After a breakfast of meat momos, exactly which meat was never determined, we head off up the hill. It's a long and steep climb to the ridge, and San discovers that she doesn't like uphill that much. We are following an unmetalled road through the forest. Occasionally a stepped footpath can be used as a shortcut letting us miss a few hairpins. The downside of course is that the direct route is steeper yet. A couple of hours later we reach the ridge, and the India Nepal border. There is a low fence and a stone marking the boundary. There is no passport control as we go through a gate in the fence, and head off through the mist to a monastery. We are served tea and biscuits inside one of the monastery buildings - very civilised!
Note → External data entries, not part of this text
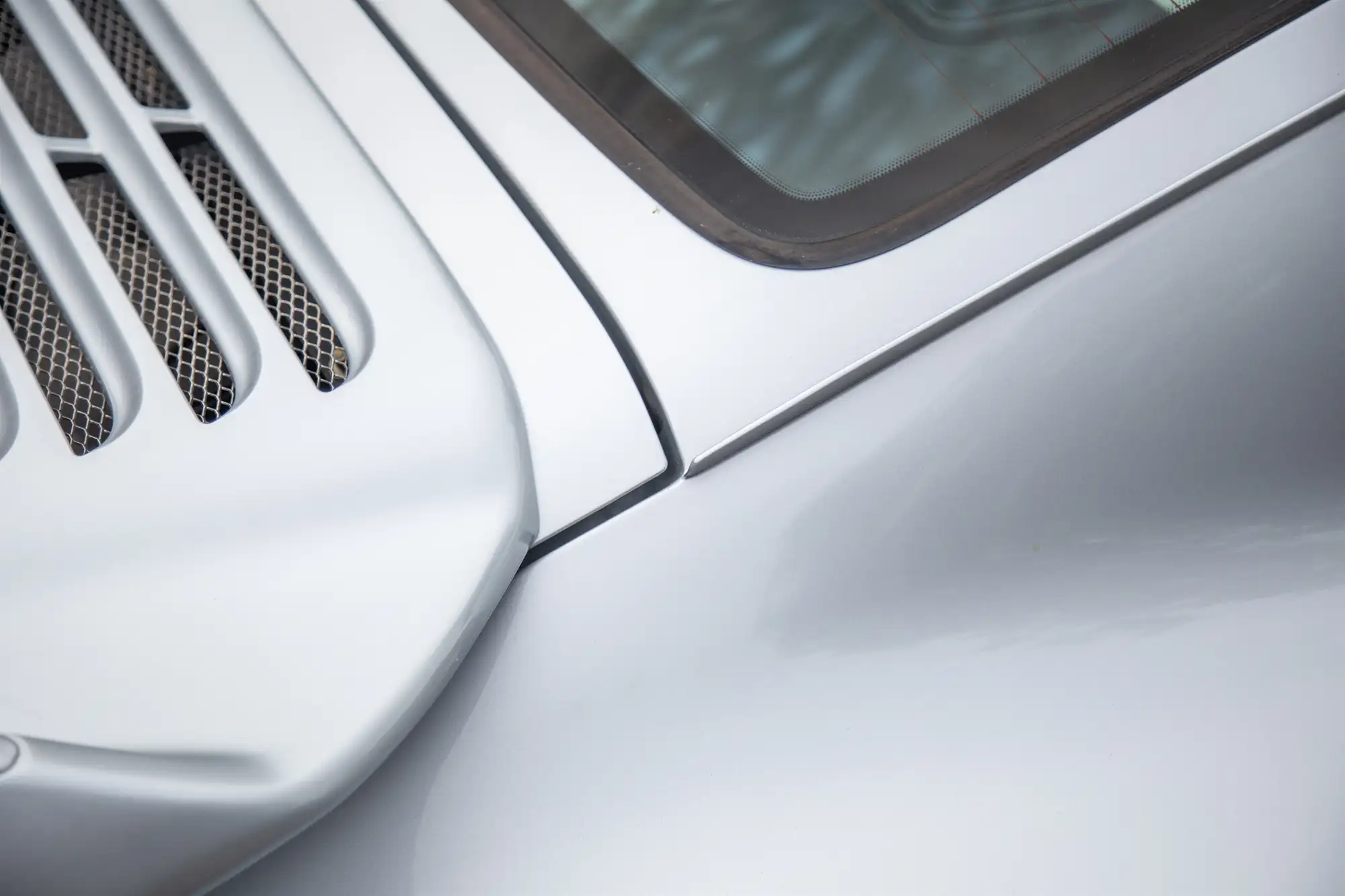 1996 Porsche 993 Carrera 4-Sold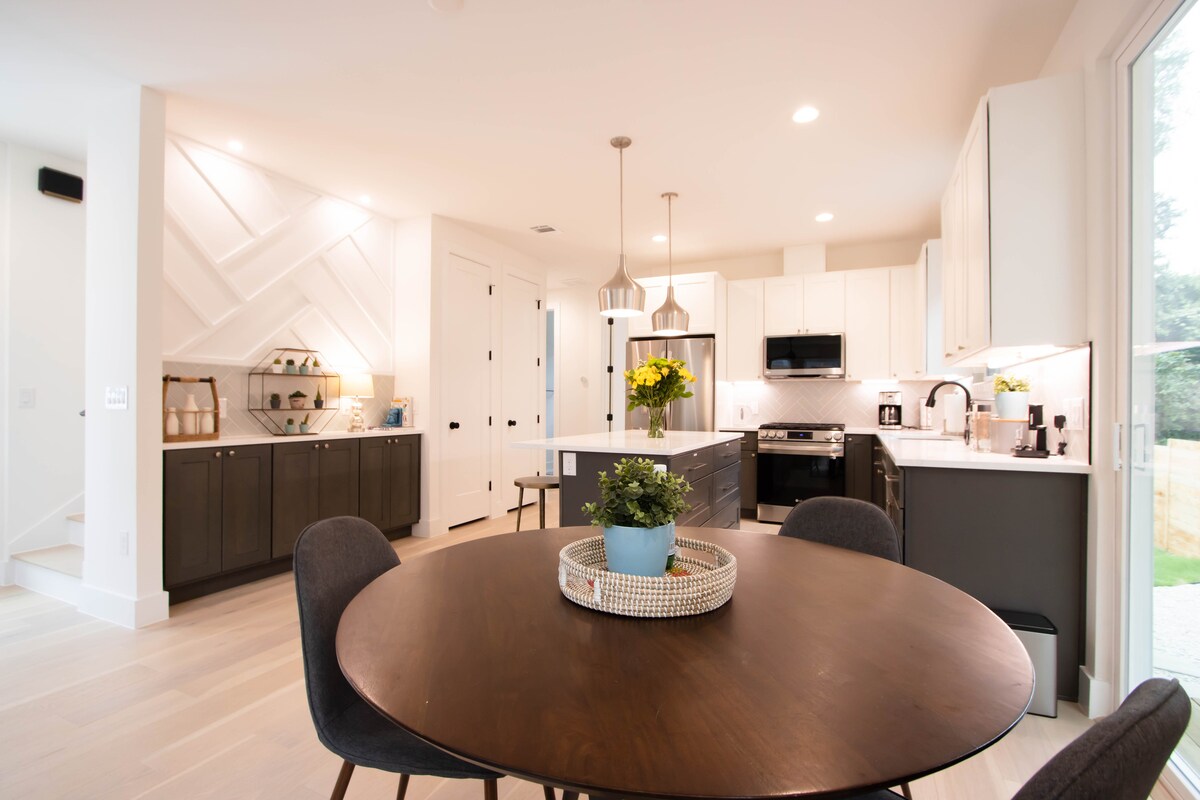 Cozy new house mins to downtown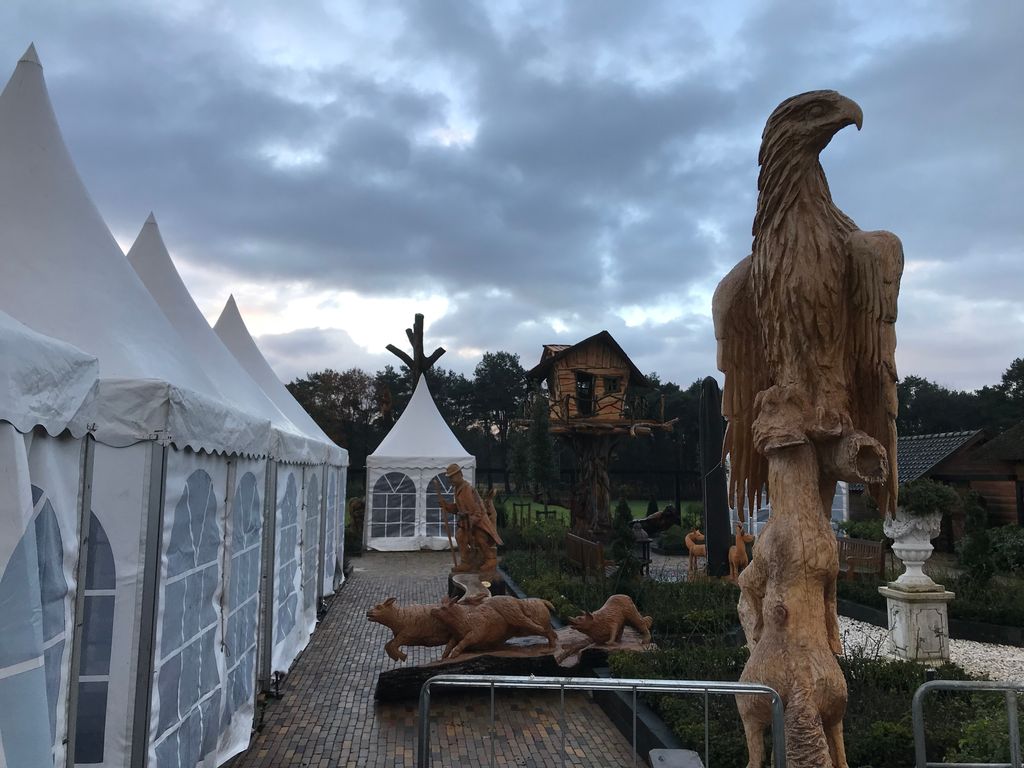 Op 30 november 1, 2 én op 6,7,8 en 9 december 2017 is de Beeldentuin in Garderen omgetoverd tot een prachtig en sprookjesachtig decor. Met een aantal pagodetenten en een Aluhal is er genoeg ruimte voor alle exposanten en de heaters en verlichting zorgen voor een gezellige sfeer.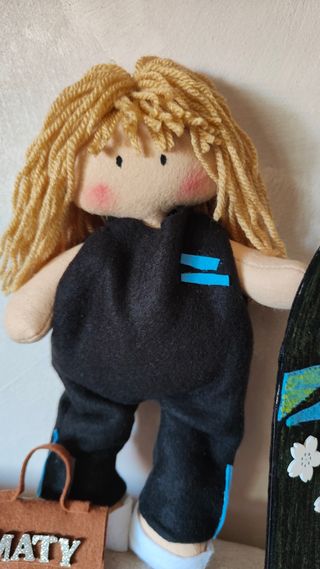 Muñeca surfista handmade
Our break over we head off along the ridge. It is still misty, but the gradient is much reduced to San's relief. John is with us again, and we have another guide, Kumar, for the trek. They are carrying our backpacks and the food supplies. Our backpack is quite light, so John marches ahead. Kumar is laden down with supplies, so heads up the rear. By late morning we pass a small village. John was there first of course, but Kumar has passed us too, and they have laid out some fruit, juice and chocolate. We take a rest and eat what has been provided. Then it is time to press on. We pass a vintage Land Rover that is parked in the village. We have seen a few of them today. Interesting that these old machines are preferred to the local 4x4s when the going gets really tough. There is less mist than earlier, but little in the way of views. John is quickly ahead of us, and invisible in the fog. Fortunately he writes his name in the ground with an arrow showing what direction he is heading at frequent intervals.

Today we are heading for Tumling at an altitude of 3,000m. Before we get there we have lunch at another village. The Nepali proprietor is asking a couple of Italians where they are from. He then asks if they can speak French. When they admit to some knowledge he starts talking to them. His French is better than theirs, so the conversation does not go far. After lunch we have a few more kilometres to cover before heading in for the night. Once we arrive we are shown our room and have a rest. Almost immediately we hear thunder, and the heavens open. We are lucky not to be drenched! Less lucky are the next party to arrive. They are French, so I hope they had a chat with the restaurant owner in the previous village. We leave our room and sit in the main building's living room. It is cold so we are around the fire, along with the drying clothes of the French party. As the sun sets, the French party's guide announces that the mountains are visible. We head out and walk to the top of the ridge, and we can see that the recent storm has cleared the air. Kanchenjunga is visible looking one way, whilst we can see quite some distance into Nepal when we look in the opposite direction.

The light is now failing so we head back to the warm fire. We read books to pass the time, and eventually we have our dinner. It's pretty basic rations, but we're hungry and eat up. We then have to head outside and to the accommodation building. It is very dark, and the clouds are still broken. Venus shines as bright as a diamond.